# Optimization of Algorithms problems

## Exercise 1
### Code Optimization for Text Processing

You are provided with a text processing code to perform the following operations:

1. Convert all text to lowercase.
2. Remove punctuation marks.
3. Count the frequency of each word.
4. Show the 5 most common words.

The code works, but it is inefficient and can be optimized. Your task is to identify areas that can be improved and rewrite those parts to make the code more efficient and readable.

In [130]:
import string

def process_text(text):
    # Text to lowercase
    text = text.lower()

    # Remove punctuation
    for p in string.punctuation:
        text = text.replace(p, "")

    # Split text into words
    words = text.split()

    # Count frecuencies
    frequencies = {}
    for w in words:
        if w in frequencies:
            frequencies[w] += 1
        else:
            frequencies[w] = 1

    sorted_frequencies = sorted(frequencies.items(), key = lambda x: x[1], reverse = True)

    # Get 5 most-common words
    top_5 = sorted_frequencies[:5]
    
    for w, frequency in top_5:
        print(f"'{w}': {frequency} times")

text = """
    In the heart of the city, Emily discovered a quaint little café, hidden away from the bustling streets. 
    The aroma of freshly baked pastries wafted through the air, drawing in passersby. As she sipped on her latte, 
    she noticed an old bookshelf filled with classics, creating a cozy atmosphere that made her lose track of time.
"""
process_text(text)

'the': 5 times
'of': 3 times
'in': 2 times
'a': 2 times
'she': 2 times


Points to optimize:

1. **Removal of punctuation marks**: Using `replace` in a loop can be inefficient, especially with long texts. Look for a more efficient way to remove punctuation marks.
2. **Frequency count**: The code checks for the existence of each word in the dictionary and then updates its count. This can be done more efficiently with certain data structures in Python.
3. **Sort and select:** Consider if there is a more direct or efficient way to get the 5 most frequent words without sorting all the words.
4. **Modularity**: Break the code into smaller functions so that each one performs a specific task.

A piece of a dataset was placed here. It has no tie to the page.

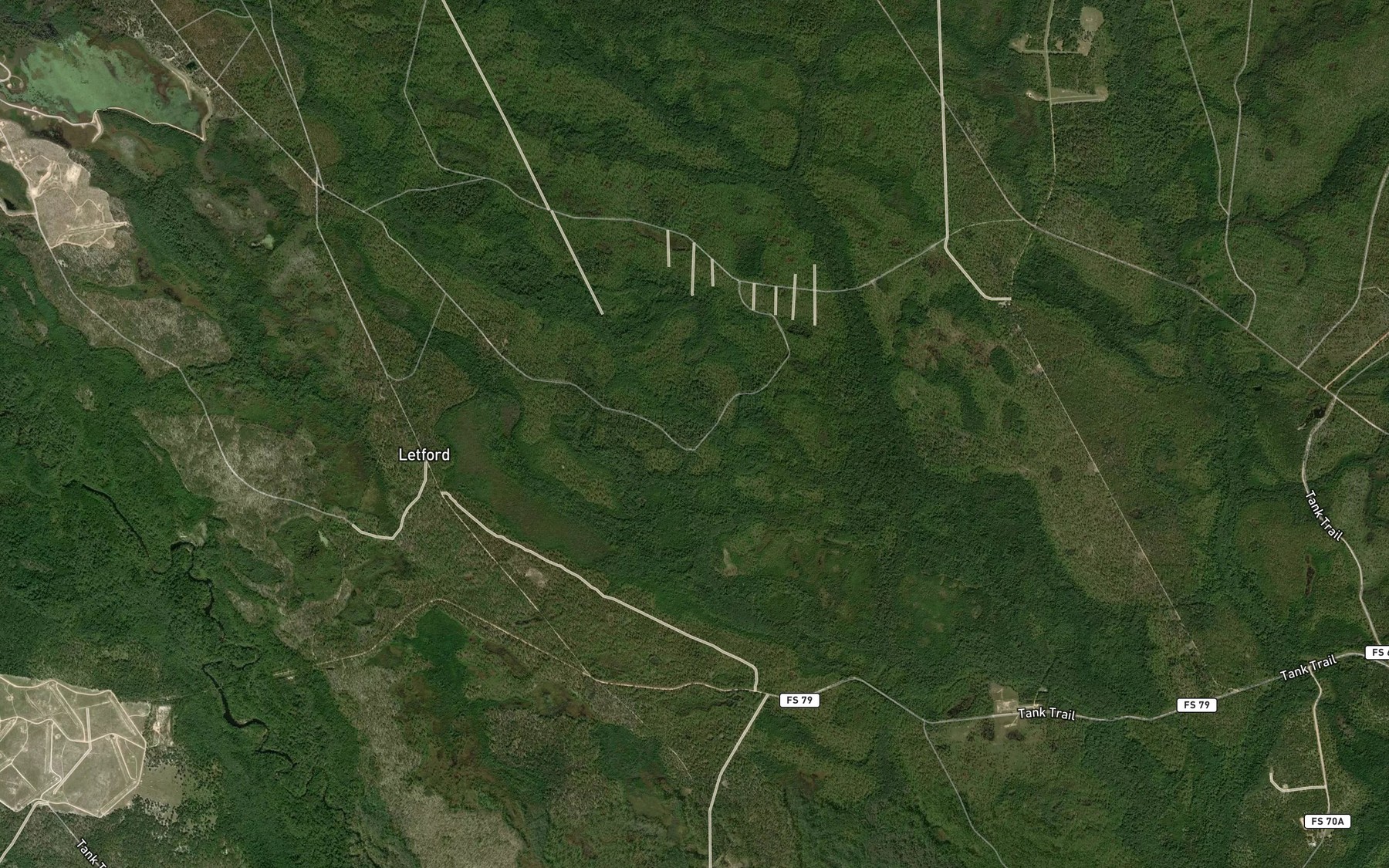 Satellite map of the Jones Lake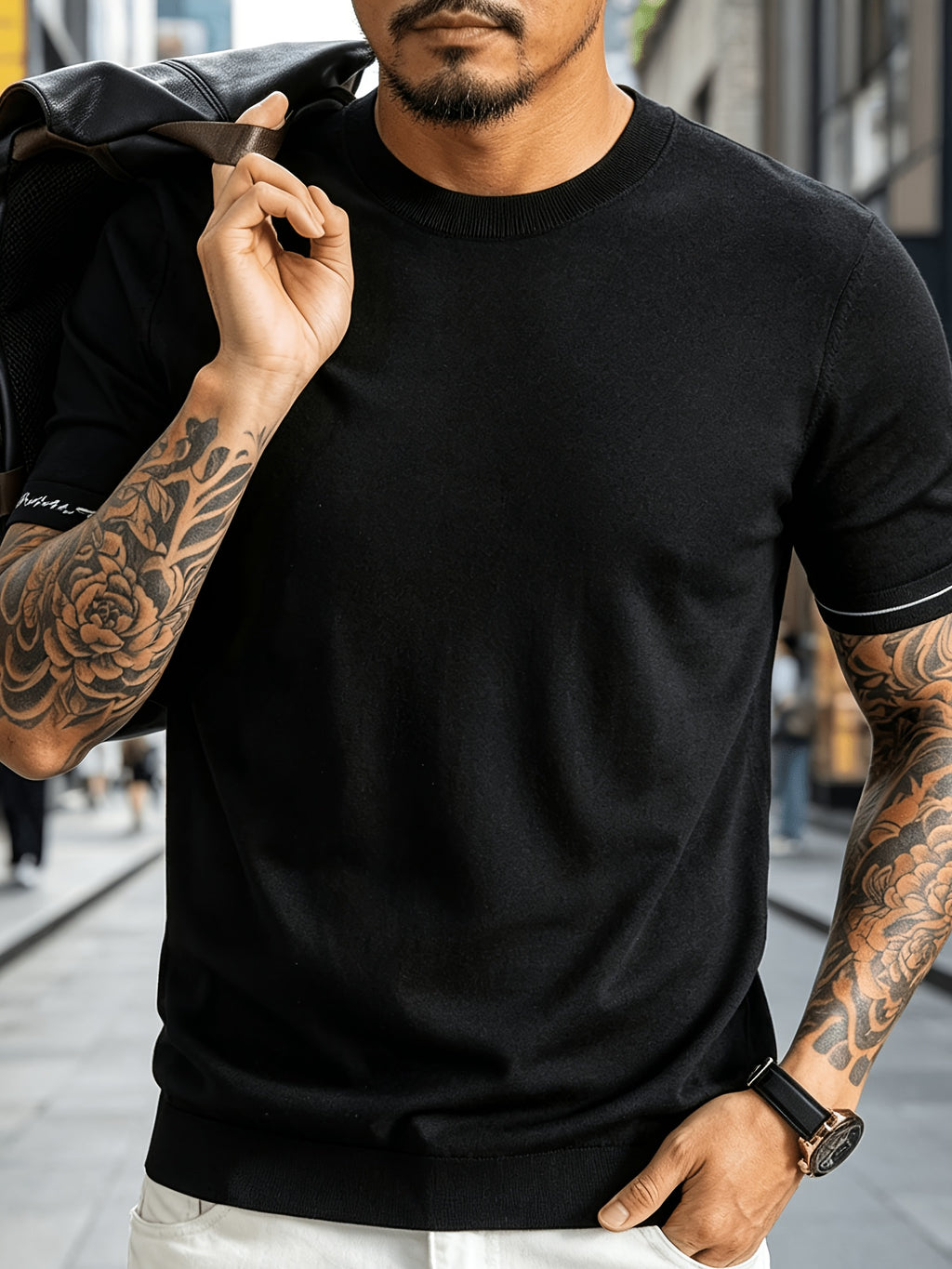 Men' Summer Short-Sleeve Knit Shirt with White-Trimmed Cuff - Stretchable Round Neck -Compatible Suitable for Urban Streetwear & Business Casual, Solid Color Multi-Color Tunic Top for Commuting and Office Wear - Black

This will not only optimize performance, but also make the code more readable and maintainable.

In [131]:
import string
from collections import Counter
# Clase
def process_text(text):
    # Text to lowercase
    text = text.lower()

    # Remove punctuation
    for p in string.punctuation:
        text = text.replace(p, "")
    
    # Split text into words [OK]
    words = text.split()

    translator = str.maketrans("", "", string.punctuation)
    text = text.translate(translator)
    

    # Count frecuencies [OK]
    
    frequencies = Counter(words)
    # frequencies.most_common(5)
    sorted_frequencies = sorted(frequencies.items(), key = lambda x: x[1], reverse = True)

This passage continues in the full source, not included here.